# Puppies eating EVERYTHING!



## Little Lady (Dec 19, 2008)

Trixie so far has been an awesome little addition to our family. Its just that she eats EVERYTHING off the floor she finds. I'm sure any puppy does this, not just poodles. Is there any way to get her to stop?

I take her outside on a leash, I catch her eating leaves, dirt or grass. She just finds little things on the floor. I don't even know how because our house is clean! She is always chomping on something. I caught her with a quarter in her mouth and I almost had a heart attack.

will she grow out of this? or will I have to be stern with her? I really hope this is just a phase.
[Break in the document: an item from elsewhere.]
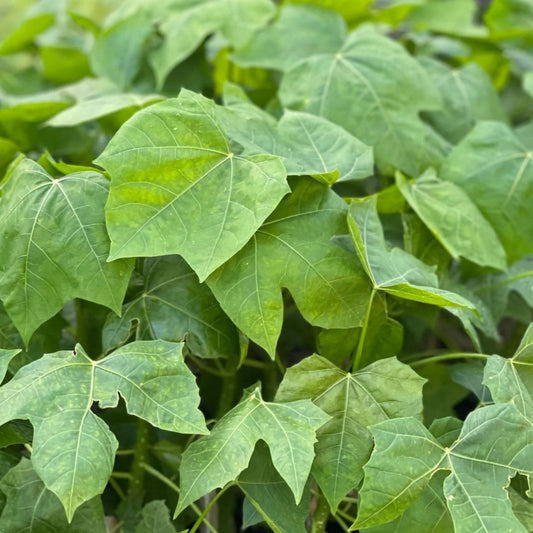 Organic Chaya Cuttings - Edible Spinach Leaf Vegetable Starter Plant Cnidoscolus aconitifolius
Ugh!


----------



## MsFancyPants (Dec 9, 2008)

Luckily for you poodles seem to use their brains at an early age. At one point i was going to strangle my poo because forget about eating things off the floor he was EATING THE FLOOR!!! He grew out of that fairly quickly about the same time housebreaking happened too! its almost like the light turned on upstairs! =) hopefully little Trixie will grow out of this. A stern NO! never hurt either =O


----------



## Little Lady (Dec 19, 2008)

Oh god, I caught Trix trying to eat the grout from between the kitchen tiles too. 

I hope her little light upstairs turns on soon! haha


----------



## MsFancyPants (Dec 9, 2008)

How old is she? My boy took a few months to finally get it but now he is SO well mannered in the house, doesnt take food off the table, not even from my other dogs dish that is left down all day!


----------



## FUZBUTZ (Aug 23, 2008)

I think it is just a phase that she will grow out of. I know that it is scary though. I have a rotti, that as a pup ate everything small that she could find, she especially liked nuts, screws, nails and etc. which she would find in the garage. She would jump up on hubbies tool box just to get to things like that. I really believed this was going to kill her, would always find these sort of things in her poop. She was an indoor outdoor dog, but loved going into garage to find goodies. She also loved chewing cords off of things, such as elec. hand tools, lawn mowers and etc. while seeking out things in the garage, but was always an angel in the house, never did any of these things. She did finally outgrow it, but it seemed to take about 2 yrs. to do so. We did start putting hot sauce on the cords and that did seem to help some. This is a rescue dog that we got from the shelter, maybe thats why she was there. She was about 1 yr. old when we got her, and that was about 10 yrs. ago, she is a wonderful girl.


----------



## IPP (Nov 29, 2008)

I keep extra hot sauce packets in my fridge for when we baby-sit or have a dog that likes to chew. I use it to "paint" stuff I don't want chewed up...but I use it as a precaution only! If I catch them chewing I give a firm NO! 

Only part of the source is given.